__What is expected__
Only the text belongs in the copy: retype each record exactly as it appears.

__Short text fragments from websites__
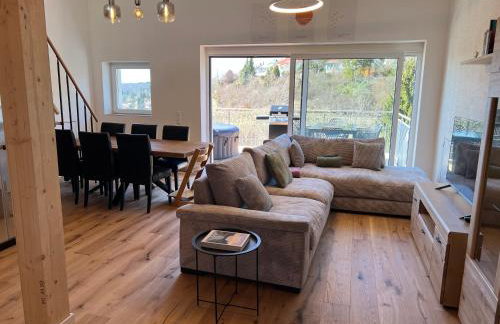 Wellnessoase! Sauna und Whirlpool mit Aussicht - Foto 18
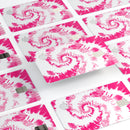 Spiral Tie Dye V6 - Premium Protective Decal Skin-Kit for the Apple Credit Card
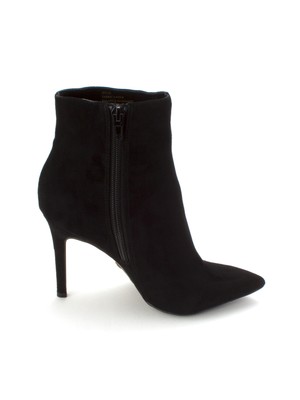 

THALIA SODI Женские черные модельные ботильоны Rylie Stiletto на молнии с мягкой подкладкой, размер 10 м, Черный, RYLIEF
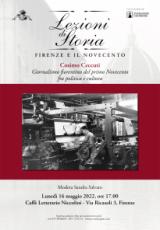 Lezioni di Storia al Niccolini: giornalismo fiorentino del primo Novecento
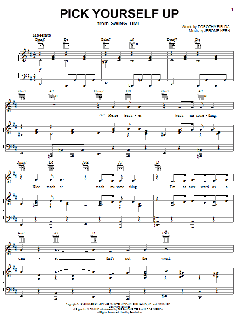 Pick Yourself Up von Jerome Kern (Download) 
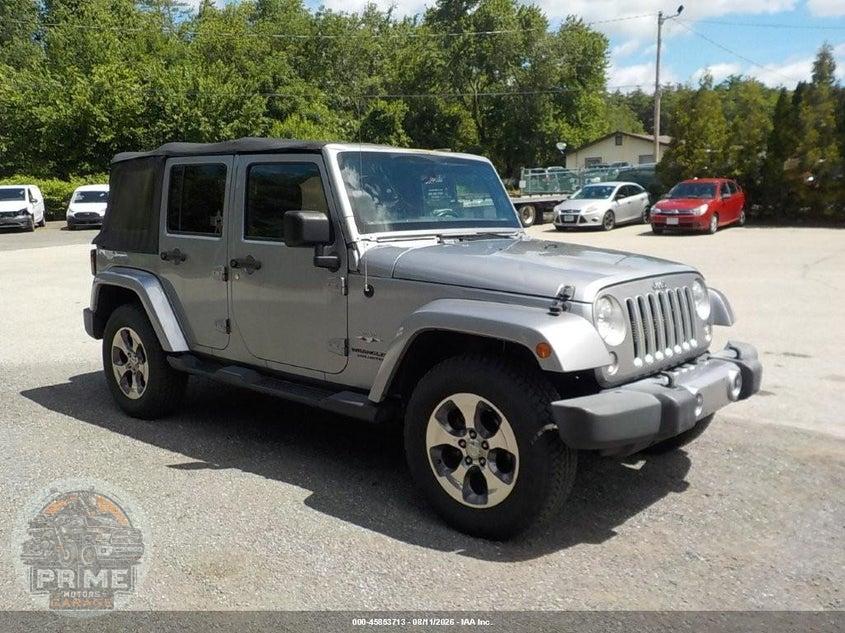 2016 JEEP WRANGLER UNLIMITED SAHARA — фото 1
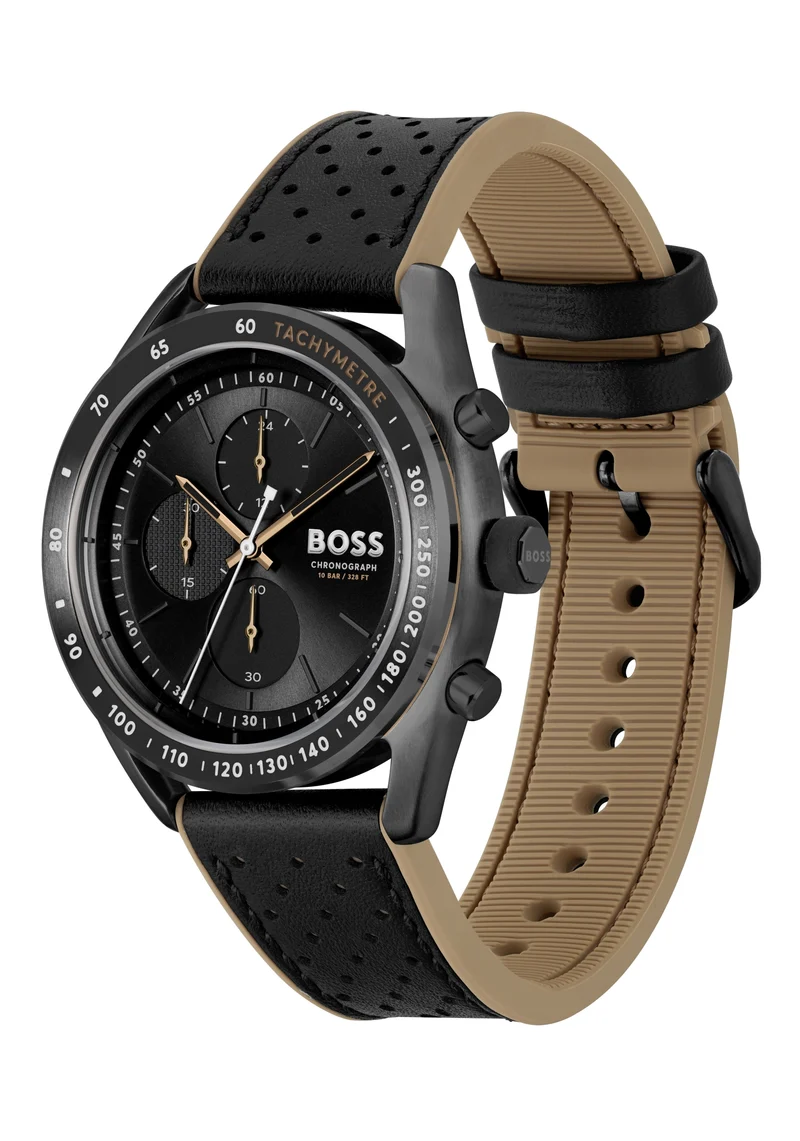 BOSS Center Court 1514022 Herren • Chronograph • Mineralglas
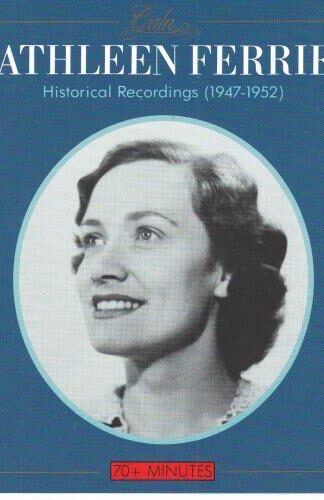 Historical Recordings (1947-1952) CD:Kathleen Ferrier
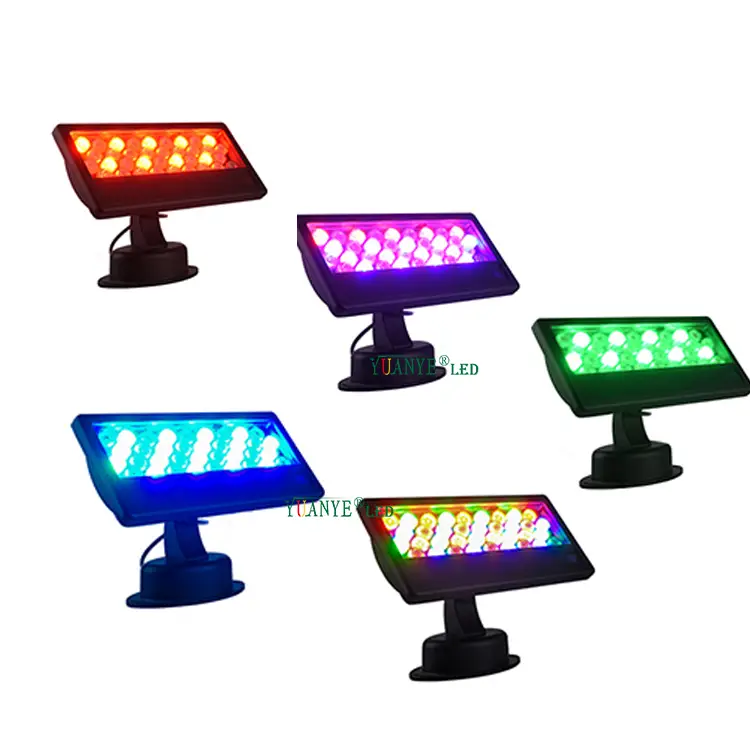 36W 60W 100W 144W RGB RGBW LED LED LED REGOLABILE LEGGI LUCI DI LED DMX512 AC85-265V YY-SG0022 1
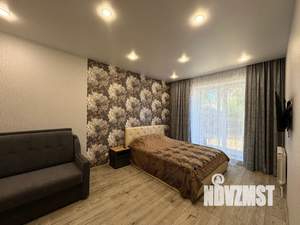 1-к квартира, посуточно, 40м2, 1/4 этаж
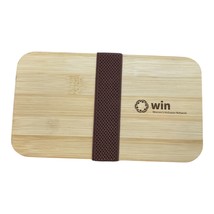 Wheat Straw Bento Lunch Box with Bamboo Lid – WIN Women’s Inclusion Netw... - $276.04 MXN
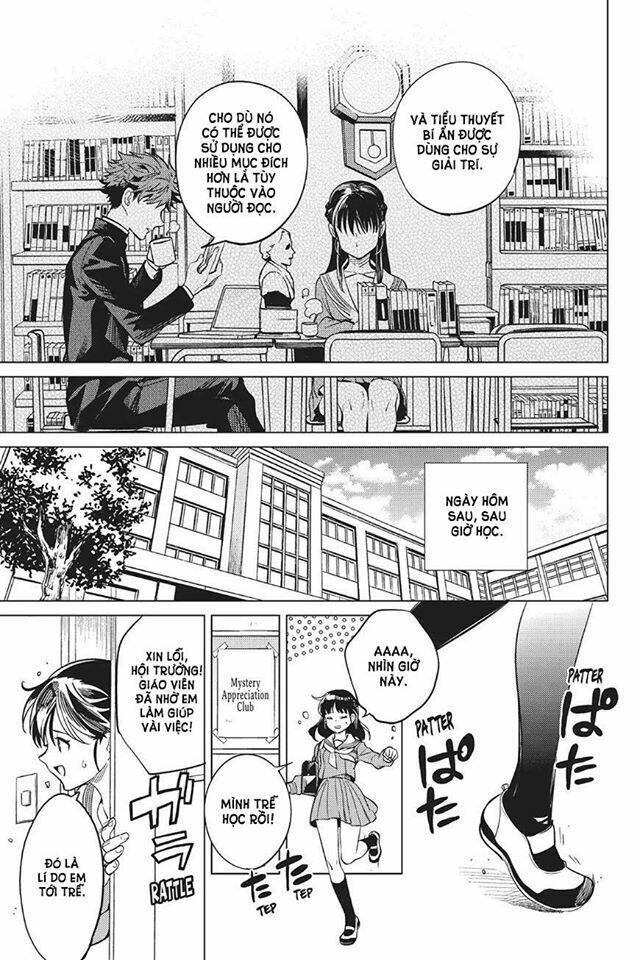 Kyokou Suiri Chương 20 Ảnh 49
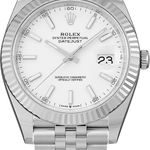 Rolex Datejust 41 126334 (2025) - 41 mm Steel case (2/5)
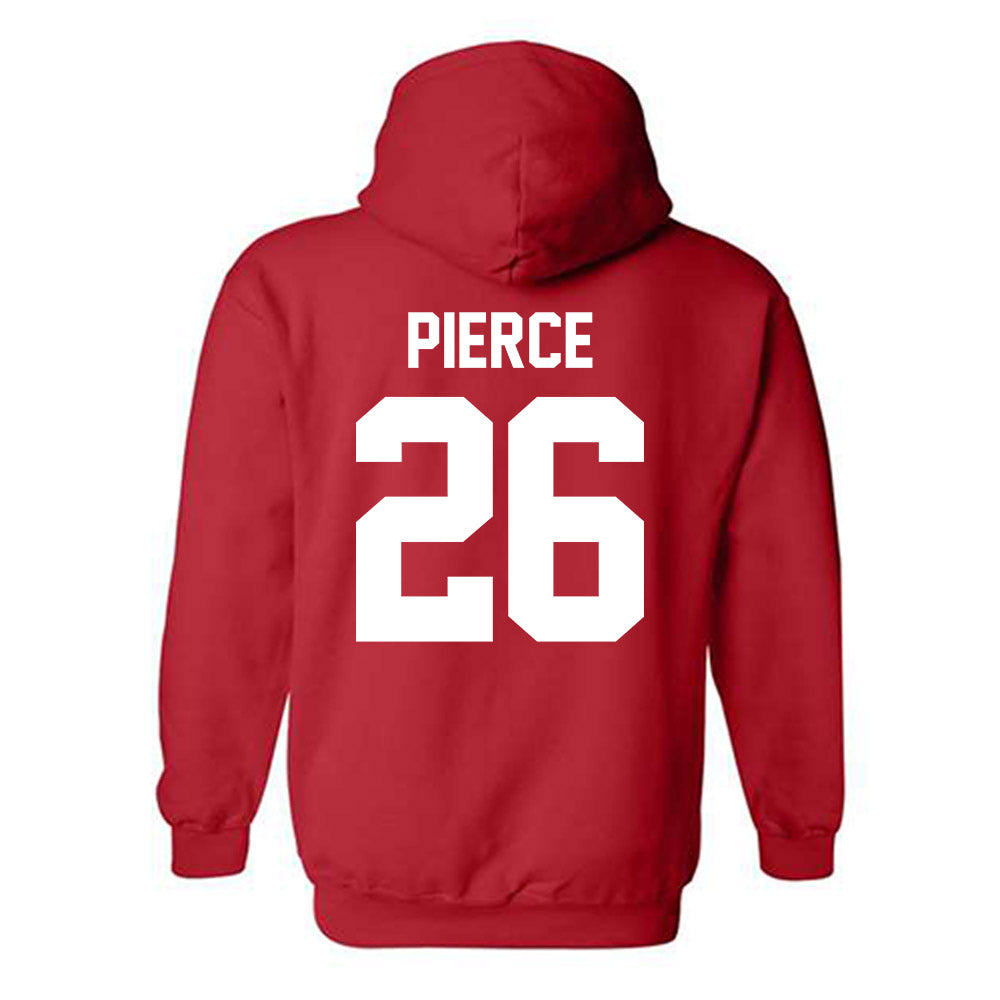 Ohio State - NCAA Football : Payton Pierce - Classic Shersey Hooded Sweatshirt-1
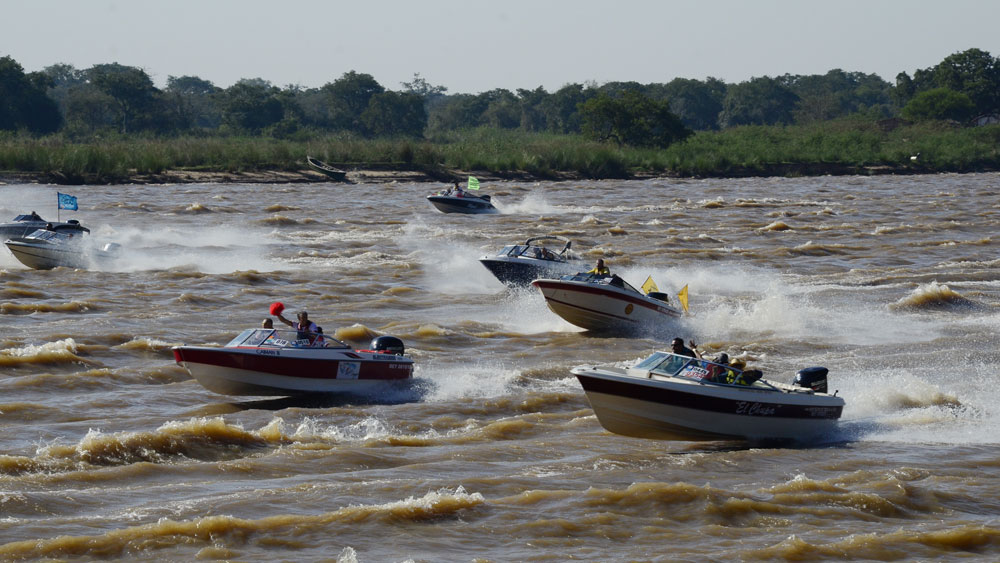 Montecarlo marcó el ritmo en el lago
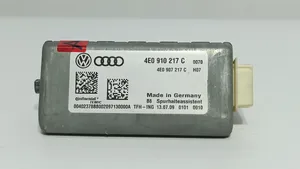 Audi A8 S8 D3 4E Kamera szyby przedniej / czołowej 4E0910217D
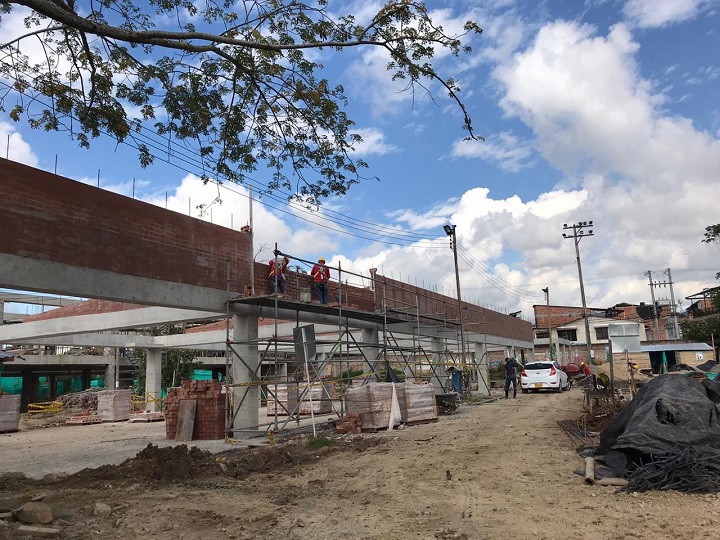 Así avanzan las obras de las instituciones educativas de Ibagué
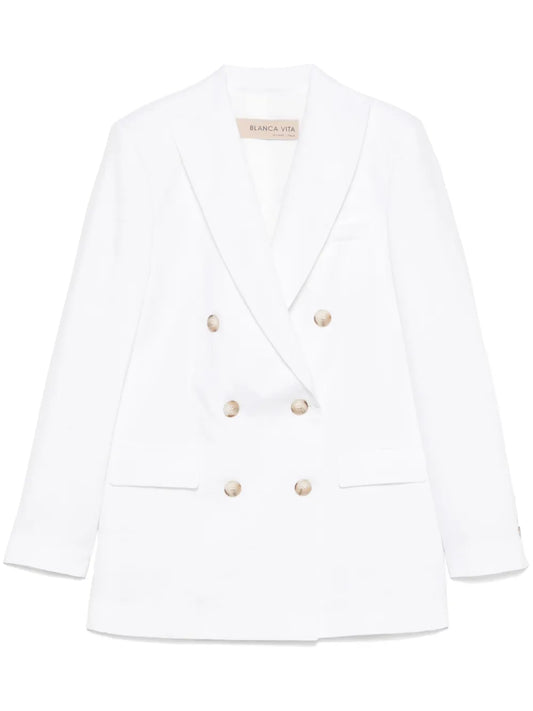 Linen Blazer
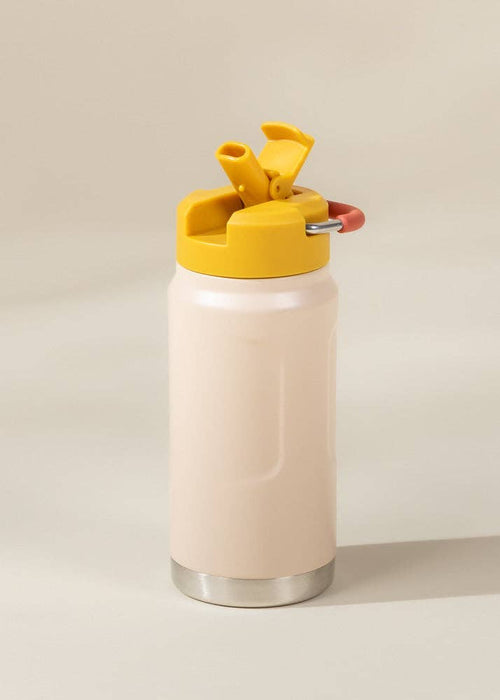 Coco Village Stainless Steel Isolated Water Bottle - Golden Hour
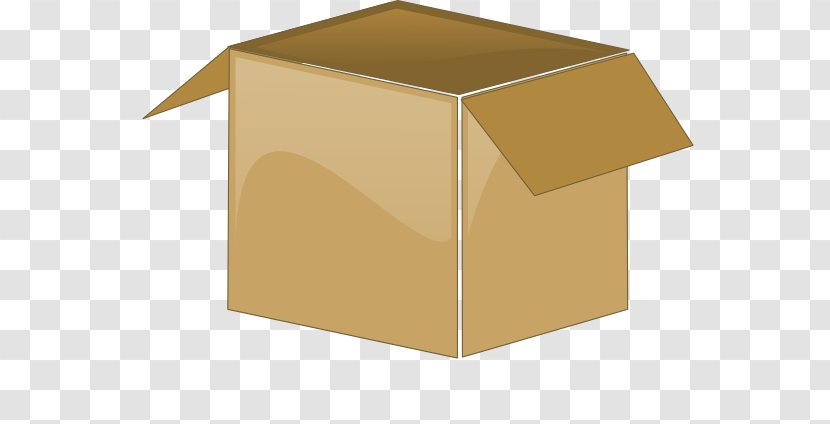 Cardboard Box Vector Graphics Paper - Parcel - Boxes Transparent PNG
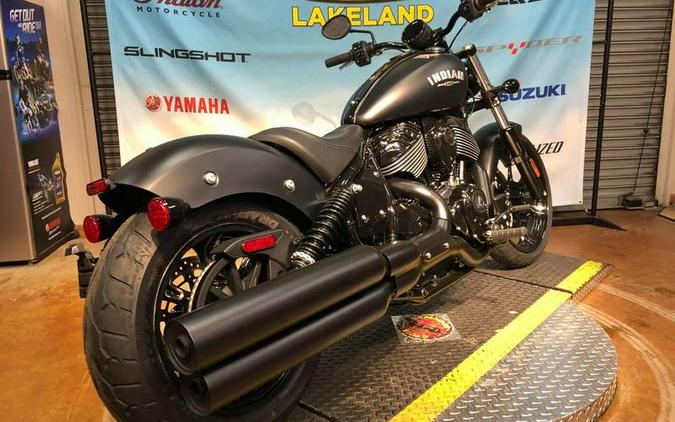 2024 Indian Motorcycle® Chief Dark Horse® Black Smoke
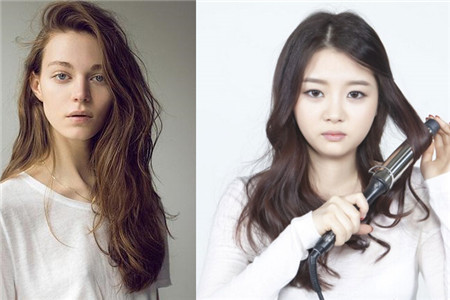 赵丽颖中分卷发发型图片 细数她的所有造型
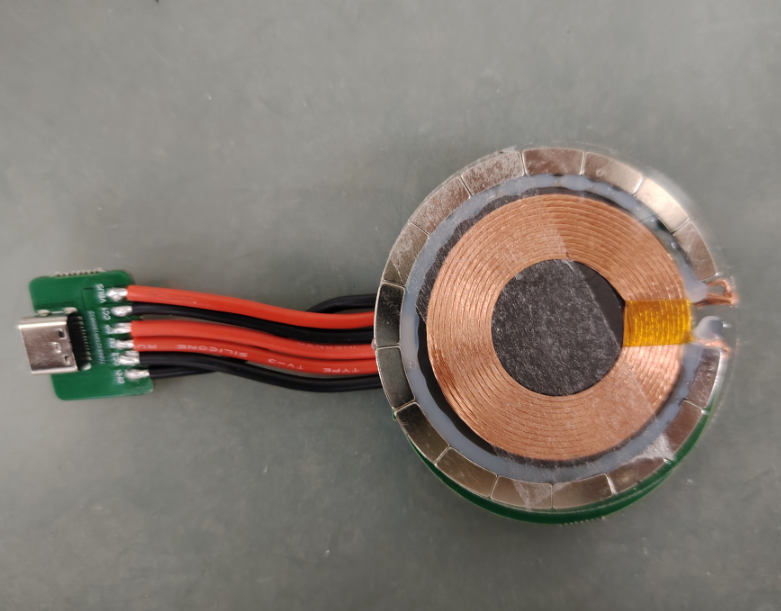 无线充qi2认证25W模块（诺芯盛IP6802B）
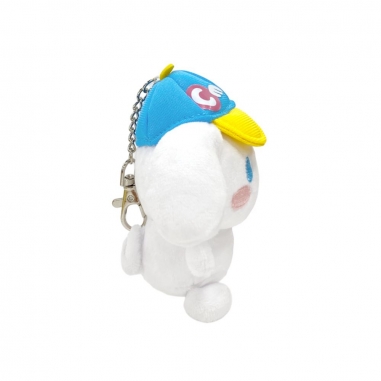Sanrio三麗鷗|KITTY好朋友 大耳狗CN 10CM 絨毛吊飾/鑰匙圈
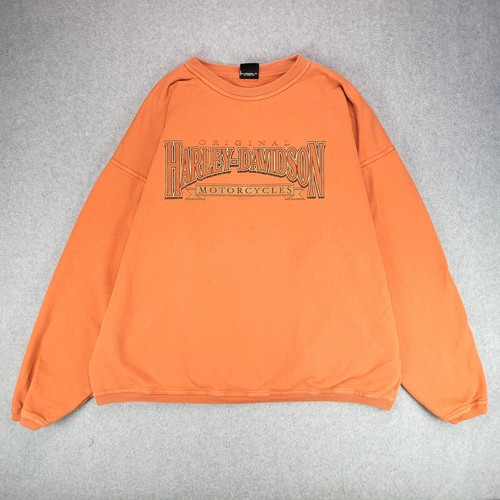 Harley davidson sweatshirt - harley-davidson,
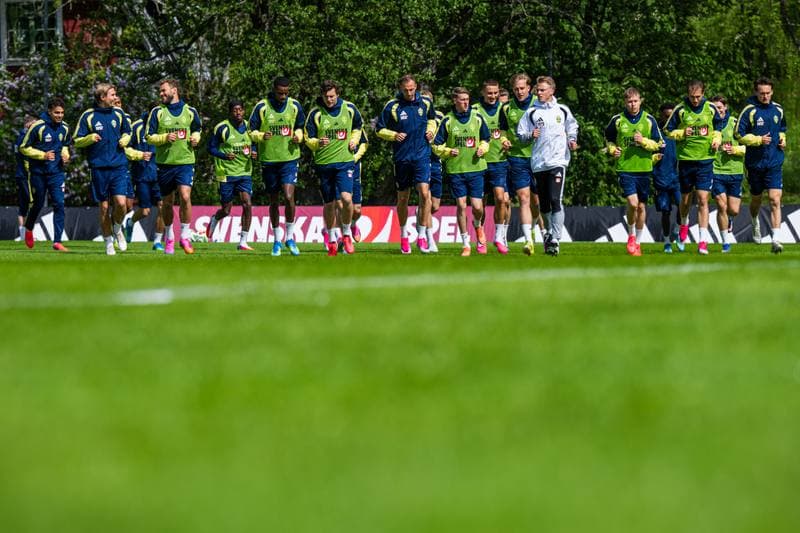 Football. Sweden. Training. 27.05.2026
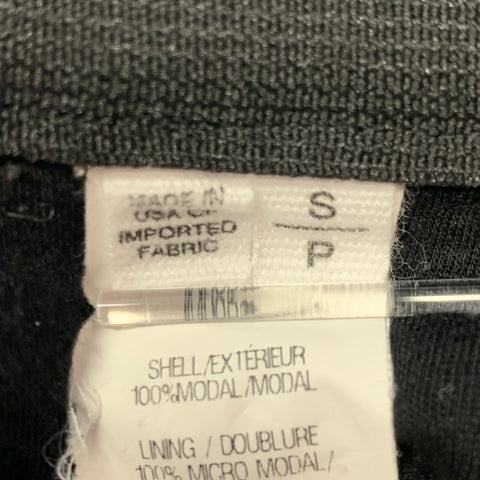HELMUT LANG Size S Black Modal Sweatpants Casual Pants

__Task answer__
 Wellnessoase! Sauna und Whirlpool mit Aussicht - Foto 18
 Spiral Tie Dye V6 - Premium Protective Decal Skin-Kit for the Apple Credit Card

THALIA SODI Женские черные модельные ботильоны Rylie Stiletto на молнии с мягкой подкладкой, размер 10 м, Черный, RYLIEF
 Lezioni di Storia al Niccolini: giornalismo fiorentino del primo Novecento
 Pick Yourself Up von Jerome Kern (Download) 
 2016 JEEP WRANGLER UNLIMITED SAHARA — фото 1
 BOSS Center Court 1514022 Herren • Chronograph • Mineralglas
 Historical Recordings (1947-1952) CD:Kathleen Ferrier
 36W 60W 100W 144W RGB RGBW LED LED LED REGOLABILE LEGGI LUCI DI LED DMX512 AC85-265V YY-SG0022 1
 1-к квартира, посуточно, 40м2, 1/4 этаж
 Wheat Straw Bento Lunch Box with Bamboo Lid – WIN Women’s Inclusion Netw... - $276.04 MXN
 Kyokou Suiri Chương 20 Ảnh 49
 Rolex Datejust 41 126334 (2025) - 41 mm Steel case (2/5)
 Ohio State - NCAA Football : Payton Pierce - Classic Shersey Hooded Sweatshirt-1
 Montecarlo marcó el ritmo en el lago
 Audi A8 S8 D3 4E Kamera szyby przedniej / czołowej 4E0910217D
 Así avanzan las obras de las instituciones educativas de Ibagué
 Linen Blazer
 Coco Village Stainless Steel Isolated Water Bottle - Golden Hour
 Cardboard Box Vector Graphics Paper - Parcel - Boxes Transparent PNG
 2024 Indian Motorcycle® Chief Dark Horse® Black Smoke
 赵丽颖中分卷发发型图片 细数她的所有造型
 无线充qi2认证25W模块（诺芯盛IP6802B）
Sanrio三麗鷗|KITTY好朋友 大耳狗CN 10CM 絨毛吊飾/鑰匙圈
 Harley davidson sweatshirt - harley-davidson,
 Football. Sweden. Training. 27.05.2026
HELMUT LANG Size S Black Modal Sweatpants Casual Pants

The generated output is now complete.